» **WHAT NEEDS TO BE DONE**: Once you find the line containing "Upside-down pineapple cake" in the data below, copy it and each following line exactly, up to and including the line containing "Used Baojun 510", and nothing else.

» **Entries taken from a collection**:
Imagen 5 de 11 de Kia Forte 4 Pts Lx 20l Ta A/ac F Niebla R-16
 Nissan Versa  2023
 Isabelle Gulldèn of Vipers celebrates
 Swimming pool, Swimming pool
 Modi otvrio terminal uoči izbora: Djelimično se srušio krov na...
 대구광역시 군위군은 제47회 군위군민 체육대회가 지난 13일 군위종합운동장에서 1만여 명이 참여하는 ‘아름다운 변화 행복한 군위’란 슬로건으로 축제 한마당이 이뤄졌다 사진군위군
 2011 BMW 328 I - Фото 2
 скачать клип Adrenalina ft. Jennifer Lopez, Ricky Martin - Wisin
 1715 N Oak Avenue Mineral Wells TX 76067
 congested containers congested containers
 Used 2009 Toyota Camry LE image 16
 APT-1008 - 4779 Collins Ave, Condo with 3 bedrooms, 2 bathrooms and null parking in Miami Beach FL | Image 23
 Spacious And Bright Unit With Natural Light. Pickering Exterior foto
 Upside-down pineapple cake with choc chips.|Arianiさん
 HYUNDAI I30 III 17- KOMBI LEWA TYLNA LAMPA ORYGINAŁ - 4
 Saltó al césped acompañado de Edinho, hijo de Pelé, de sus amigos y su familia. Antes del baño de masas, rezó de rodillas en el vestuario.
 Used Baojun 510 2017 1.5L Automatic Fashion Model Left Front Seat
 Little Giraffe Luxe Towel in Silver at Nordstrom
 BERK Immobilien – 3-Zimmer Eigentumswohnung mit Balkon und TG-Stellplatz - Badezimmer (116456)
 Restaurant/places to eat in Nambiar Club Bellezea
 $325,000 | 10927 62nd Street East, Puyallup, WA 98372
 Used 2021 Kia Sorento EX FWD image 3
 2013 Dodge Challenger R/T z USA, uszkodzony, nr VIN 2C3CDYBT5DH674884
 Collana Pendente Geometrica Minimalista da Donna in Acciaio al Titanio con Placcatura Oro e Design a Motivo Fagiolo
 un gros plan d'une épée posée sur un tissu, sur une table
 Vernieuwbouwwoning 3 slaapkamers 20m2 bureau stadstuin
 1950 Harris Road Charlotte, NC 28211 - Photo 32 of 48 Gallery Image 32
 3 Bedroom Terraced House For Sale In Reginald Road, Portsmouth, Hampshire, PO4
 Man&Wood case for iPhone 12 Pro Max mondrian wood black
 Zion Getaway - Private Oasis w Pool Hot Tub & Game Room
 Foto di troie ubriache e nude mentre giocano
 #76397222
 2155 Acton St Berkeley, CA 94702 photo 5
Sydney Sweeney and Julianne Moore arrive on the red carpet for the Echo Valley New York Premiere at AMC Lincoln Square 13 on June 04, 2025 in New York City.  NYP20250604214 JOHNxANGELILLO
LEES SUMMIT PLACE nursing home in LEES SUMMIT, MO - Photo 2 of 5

» **TASK RESPONSE**:
 Upside-down pineapple cake with choc chips.|Arianiさん
 HYUNDAI I30 III 17- KOMBI LEWA TYLNA LAMPA ORYGINAŁ - 4
 Saltó al césped acompañado de Edinho, hijo de Pelé, de sus amigos y su familia. Antes del baño de masas, rezó de rodillas en el vestuario.
 Used Baojun 510 2017 1.5L Automatic Fashion Model Left Front Seat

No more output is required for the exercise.